[Information]
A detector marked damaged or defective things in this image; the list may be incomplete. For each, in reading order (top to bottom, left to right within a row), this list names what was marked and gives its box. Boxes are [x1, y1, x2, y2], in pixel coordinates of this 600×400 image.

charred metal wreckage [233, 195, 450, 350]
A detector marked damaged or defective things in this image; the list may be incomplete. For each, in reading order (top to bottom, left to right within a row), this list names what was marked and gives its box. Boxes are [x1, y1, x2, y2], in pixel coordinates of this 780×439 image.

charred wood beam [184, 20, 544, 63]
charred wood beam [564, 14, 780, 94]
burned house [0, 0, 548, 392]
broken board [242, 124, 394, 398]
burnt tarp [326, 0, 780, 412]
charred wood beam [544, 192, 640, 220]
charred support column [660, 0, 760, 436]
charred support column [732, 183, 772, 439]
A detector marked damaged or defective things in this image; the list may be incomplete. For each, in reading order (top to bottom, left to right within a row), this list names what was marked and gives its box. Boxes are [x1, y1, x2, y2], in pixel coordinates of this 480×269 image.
[/Information]
[Information]
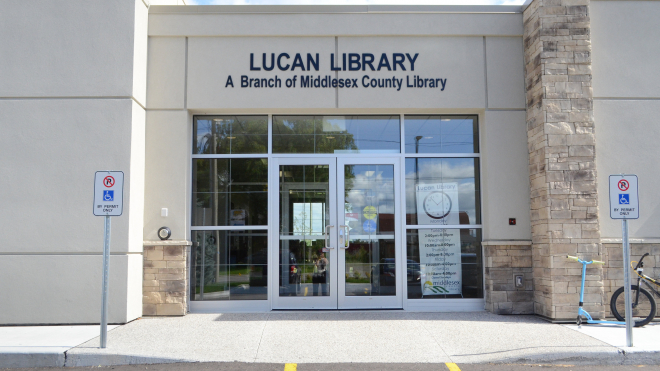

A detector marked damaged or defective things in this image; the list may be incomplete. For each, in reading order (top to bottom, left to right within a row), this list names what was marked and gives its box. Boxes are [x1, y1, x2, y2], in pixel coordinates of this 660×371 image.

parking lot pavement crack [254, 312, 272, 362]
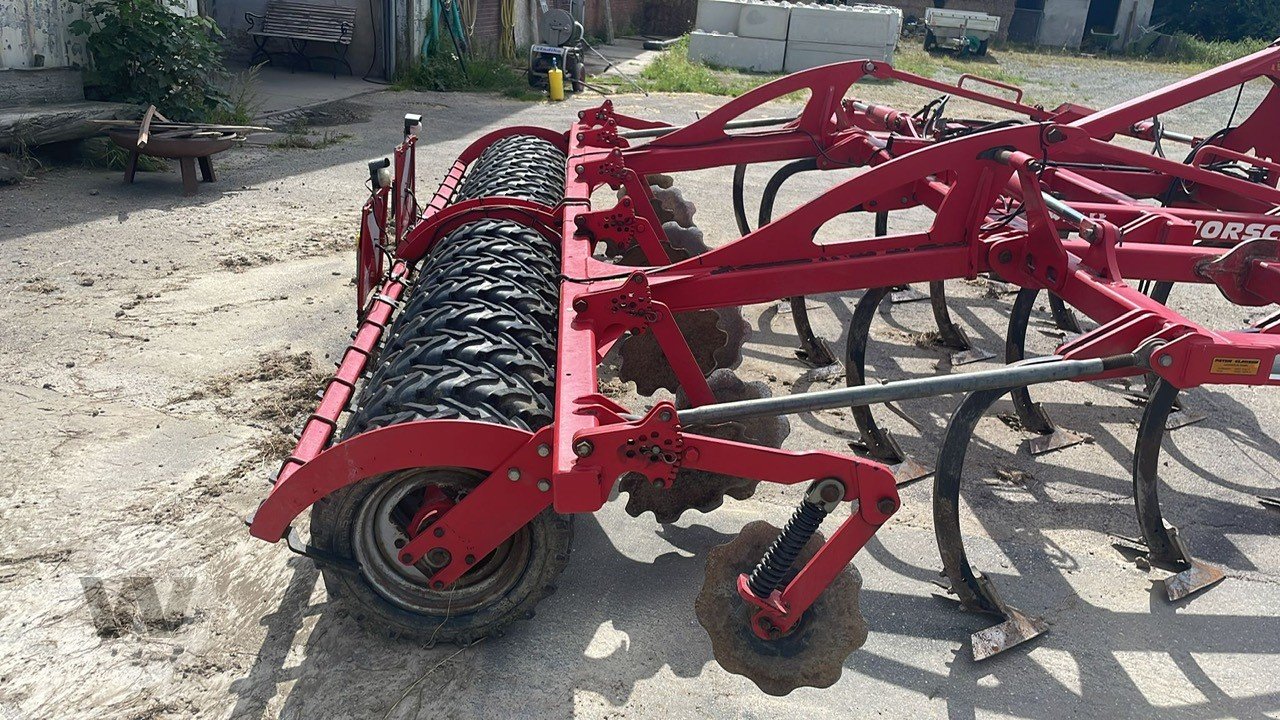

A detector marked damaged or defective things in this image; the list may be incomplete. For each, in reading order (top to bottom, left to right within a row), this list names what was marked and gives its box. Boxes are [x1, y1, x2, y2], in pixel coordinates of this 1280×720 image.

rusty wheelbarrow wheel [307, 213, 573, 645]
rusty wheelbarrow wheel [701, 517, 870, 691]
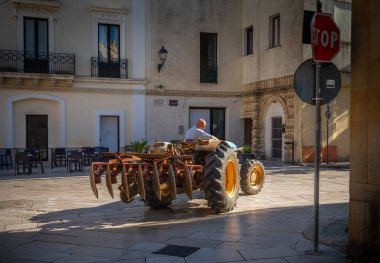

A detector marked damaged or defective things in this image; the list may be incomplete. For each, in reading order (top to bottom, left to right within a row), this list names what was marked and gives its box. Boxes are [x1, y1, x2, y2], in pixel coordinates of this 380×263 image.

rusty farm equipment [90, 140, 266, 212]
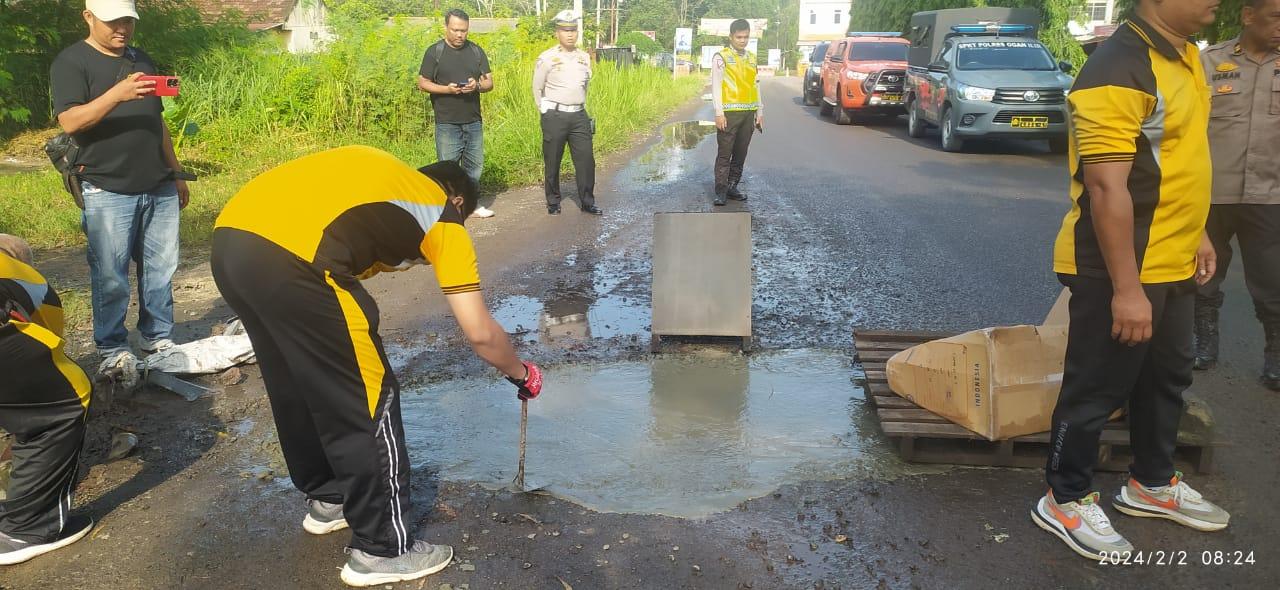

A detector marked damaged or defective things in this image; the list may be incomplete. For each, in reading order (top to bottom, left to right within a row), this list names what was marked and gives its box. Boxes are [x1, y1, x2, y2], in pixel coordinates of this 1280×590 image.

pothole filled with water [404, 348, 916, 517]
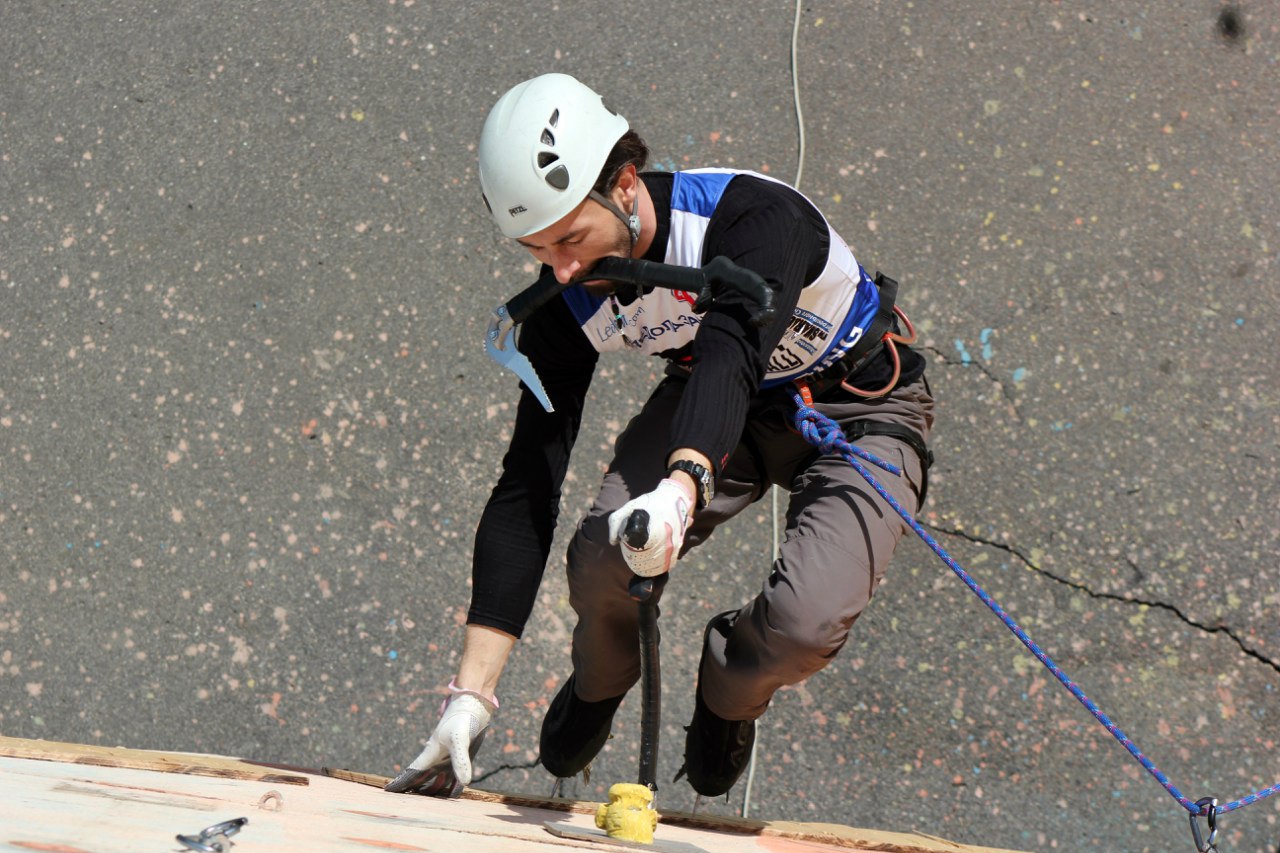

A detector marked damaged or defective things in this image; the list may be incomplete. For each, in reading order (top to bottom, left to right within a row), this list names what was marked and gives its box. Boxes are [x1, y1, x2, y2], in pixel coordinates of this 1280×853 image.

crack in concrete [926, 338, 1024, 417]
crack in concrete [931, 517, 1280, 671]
[/Information]
Exercise details — Every line above from the line with "this 600×400 image." to the line with "this 480×269 image." is wanted, ends included; write them out exactly and add no other line.

Expected answer —
A detector marked damaged or defective things in this image; the list may be incomplete. For each, in reading order (top to bottom, left to right within a row), this list names what was marked and gives its box. Boxes are [x1, y1, x2, y2], in pixel coordinates of this 600×400 image.

charred metal wreckage [233, 195, 450, 350]
A detector marked damaged or defective things in this image; the list may be incomplete. For each, in reading order (top to bottom, left to right within a row), this list names what was marked and gives its box. Boxes are [x1, y1, x2, y2], in pixel coordinates of this 780×439 image.

charred wood beam [184, 20, 544, 63]
charred wood beam [564, 14, 780, 94]
burned house [0, 0, 548, 392]
broken board [242, 124, 394, 398]
burnt tarp [326, 0, 780, 412]
charred wood beam [544, 192, 640, 220]
charred support column [660, 0, 760, 436]
charred support column [732, 183, 772, 439]
A detector marked damaged or defective things in this image; the list may be incomplete. For each, in reading order (top to bottom, left to right within a row), this list names what was marked and gives its box. Boxes are [x1, y1, x2, y2], in pixel coordinates of this 480×269 image.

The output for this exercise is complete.